Global Cobalt Market Primed For New Sources of Vital Metal
By September 8, 2017– Published in on
The world has seen the price of cobalt rise fiercely over the last few years. If the growth of projects like Tesla's Gigafactory are any indication of what is to come, industry is going to need huge supplies of cobalt. Until recently cobalt wasn't mined directly, as the byproducts of other mines was mostly sufficient to meet the modest demand for the metal.
But with the rise of electric vehicles, that dynamic is long gone, and the once little thought of metal is facing demand that was inconceivable to most a few years ago. While the market dynamic that has emerged for cobalt took most by surprise, there were some in the investment community that saw the explosion in demand coming.
Global Energy Metals Corporation (GEMC, TSX-V) is one of the leading pure-play junior cobalt miners out there, and their CEO, Mitchell Smith, has been watching the trends in cobalt for a long time. With more than a decade of experience in the cobalt space, Mr. Smith was in a perfect position to lead Global Energy Metals into a position that could create one of the first primary cobalt mines in the modern age outside of the Democratic Republic of the Congo (DRC).
The cobalt market isn't like the copper or iron ore market. Because it has been a product of other forms of mining, the supply is mostly inelastic to price. Basically, if the price goes up, the supply may not change at all. Add to that the fact that until recently most of the world's cobalt came from the DRC, and it isn't difficult to see why we are now facing potential supply gaps.
Modern battery technology uses a lot of cobalt, and as people adopt electric vehicles, there will only be more demand hitting the market.
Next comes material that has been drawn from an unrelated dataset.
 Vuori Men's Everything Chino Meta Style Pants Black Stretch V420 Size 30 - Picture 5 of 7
Companies like Tesla don't want to deal with conflict minerals, so companies like Global Energy Metals Corporation are in a great spot to take advantage of the oversights that exist today in the cobalt market.
Mitchell Smith seemed to know that there would be an opportunity for cobalt suppliers, and as CEO of GEMC he forged a partnership with one of the foremost battery materials suppliers in the world, China's Beijing Easpring Material Technology. Easpring deals with battery manufacturing giants like LG Chem and Samsung, among others. Needless to say, these companies probably don't want to rely heavily on places like the DRC for vital metals.
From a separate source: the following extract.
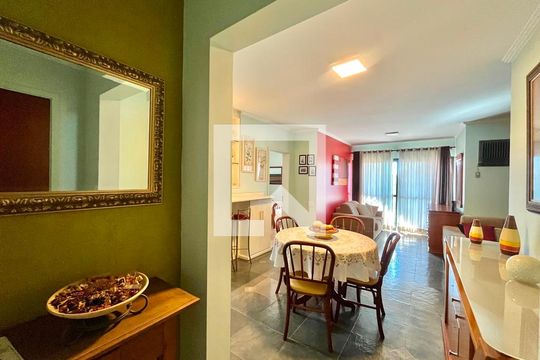 Sala de apartamento para alugar com 1 quarto, 75m² em Conceicao, Campinas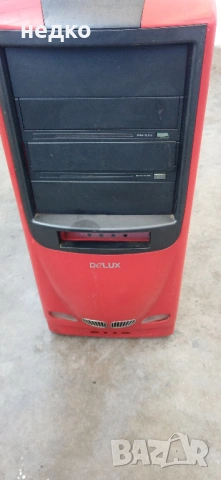 Продавам КУТИЯ DELUX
Potential mines like GEMC's wholly owned Werner Lake cobalt project in Ontario, Canada are examples of what might be able to wean industry off politically untenable sources of cobalt like the DRC. People who buy EV's are usually concerned with the state of the world, and they don't want the battery components to come from areas with spotty human rights.
The industries that produce batteries for EV's and other next generation technologies don't want to deal with the unstable nature of the DRC, regardless of the fact that companies like Glencore and Freeport-McMoRan have huge cobalt assets in the DRC that could theoretically fill supply shortages. Even if they could get the mines to produce reliably, there is no guarantee that the minerals would be allowed to leave the conflict ridden region.
There is no doubt that Mitchell Smith is sitting at the nexus of a very interesting group of investors and industries. The connections he has forged may yield tremendous advantages for both GEMC, and industry at-large.